Adoro el género policial. Quizás sea porque mi viejo es un empedernido lector de novela negra y los libros de Chandler y Hammett estaban siempre a mano en casa. A medida que empecé a armar mi propio sistema de gustos entraron Roberto Arlt, Rodolfo Walsh y los misterios de Don Isidro Parodi, que escribían Borges y Bioy a cuatro manos, y que leí en aquellas maravillosas ediciones de kiosco de El club del misterio.
En los años 80, de adolescente, me topé con el que hasta la fecha es mi personaje favorito del policial argentino: el comisario Evaristo Meneses. No lo descubrí en un libro sino en las páginas de la revista Fierro, donde Carlos Sampayo y Solano López, publicaron por entregas una historieta que evocaba su vida y varios de sus casos más célebres.

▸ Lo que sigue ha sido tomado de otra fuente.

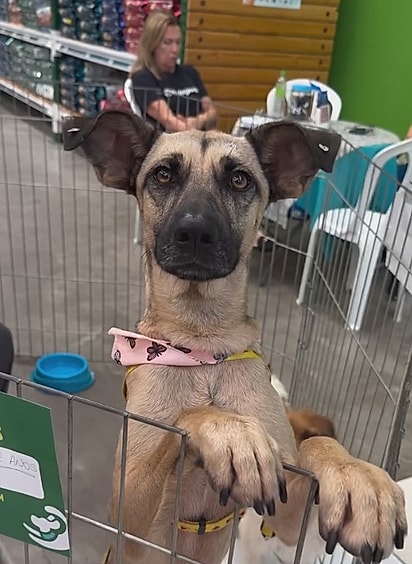 Bebel em mais uma feirinha.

Es que Evaristo fue un tipo real, realísimo, jefe de la División de Robos y Hurtos de la Policía Federal a mediados del siglo XX. Aficionado al box y al whisky, de hombros anchos y manos enormes, en su época se lo veía como a una especie de Eliot Ness criollo.

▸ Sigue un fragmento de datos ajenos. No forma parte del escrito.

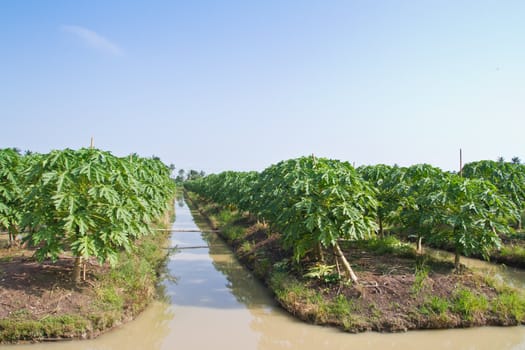 Papaya tree in agribusiness area of thailand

Era porfiado e implacable con los criminales, pero en el hampa le reconocían su respeto por los códigos de la calle: jamás "plantaba" pruebas, no detenía a nadie por su aspecto (la popular técnica lombrosiana) y jamás aceptó un soborno.
Los diarios narraron de forma cinematográfica sus duelos con malechores míticos como Pichón Laginestra y el Loco Prieto. Lo "retiraron" en 1964, cuando los años se volvían de plomo y los códigos de policías y ladrones comenzaban a cambiar para siempre.